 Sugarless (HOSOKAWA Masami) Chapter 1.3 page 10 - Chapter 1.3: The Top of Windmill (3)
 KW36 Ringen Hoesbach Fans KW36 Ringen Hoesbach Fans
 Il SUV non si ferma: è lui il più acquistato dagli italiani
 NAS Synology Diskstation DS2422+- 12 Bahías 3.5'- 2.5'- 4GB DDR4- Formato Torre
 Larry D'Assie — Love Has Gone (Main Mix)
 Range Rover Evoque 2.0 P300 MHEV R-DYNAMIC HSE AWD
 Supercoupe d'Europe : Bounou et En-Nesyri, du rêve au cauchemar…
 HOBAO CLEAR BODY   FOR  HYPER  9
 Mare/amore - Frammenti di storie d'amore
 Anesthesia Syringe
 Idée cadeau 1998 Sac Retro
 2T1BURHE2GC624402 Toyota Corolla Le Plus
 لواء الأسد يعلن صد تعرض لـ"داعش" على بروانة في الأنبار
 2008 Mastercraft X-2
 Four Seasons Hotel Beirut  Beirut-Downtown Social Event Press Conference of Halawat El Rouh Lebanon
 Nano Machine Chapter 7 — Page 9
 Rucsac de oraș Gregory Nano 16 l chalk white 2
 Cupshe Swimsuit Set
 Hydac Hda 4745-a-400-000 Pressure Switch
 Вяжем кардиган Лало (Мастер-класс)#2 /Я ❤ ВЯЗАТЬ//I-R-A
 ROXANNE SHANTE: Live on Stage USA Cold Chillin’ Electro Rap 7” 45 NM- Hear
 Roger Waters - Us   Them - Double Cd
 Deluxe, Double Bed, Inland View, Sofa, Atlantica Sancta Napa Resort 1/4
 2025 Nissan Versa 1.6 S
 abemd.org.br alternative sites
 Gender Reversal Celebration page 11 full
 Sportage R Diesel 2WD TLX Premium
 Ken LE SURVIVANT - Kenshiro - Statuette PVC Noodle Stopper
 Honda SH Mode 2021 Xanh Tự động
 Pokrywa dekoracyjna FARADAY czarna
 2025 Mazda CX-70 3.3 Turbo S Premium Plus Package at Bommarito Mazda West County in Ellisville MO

:: What to do ::
Starting with the first line of the listing above, copy each line exactly until you have copied the line containing "Idée cadeau 1998 Sac Retro". Stop there.

:: Response to this exercise ::
 Sugarless (HOSOKAWA Masami) Chapter 1.3 page 10 - Chapter 1.3: The Top of Windmill (3)
 KW36 Ringen Hoesbach Fans KW36 Ringen Hoesbach Fans
 Il SUV non si ferma: è lui il più acquistato dagli italiani
 NAS Synology Diskstation DS2422+- 12 Bahías 3.5'- 2.5'- 4GB DDR4- Formato Torre
 Larry D'Assie — Love Has Gone (Main Mix)
 Range Rover Evoque 2.0 P300 MHEV R-DYNAMIC HSE AWD
 Supercoupe d'Europe : Bounou et En-Nesyri, du rêve au cauchemar…
 HOBAO CLEAR BODY   FOR  HYPER  9
 Mare/amore - Frammenti di storie d'amore
 Anesthesia Syringe
 Idée cadeau 1998 Sac Retro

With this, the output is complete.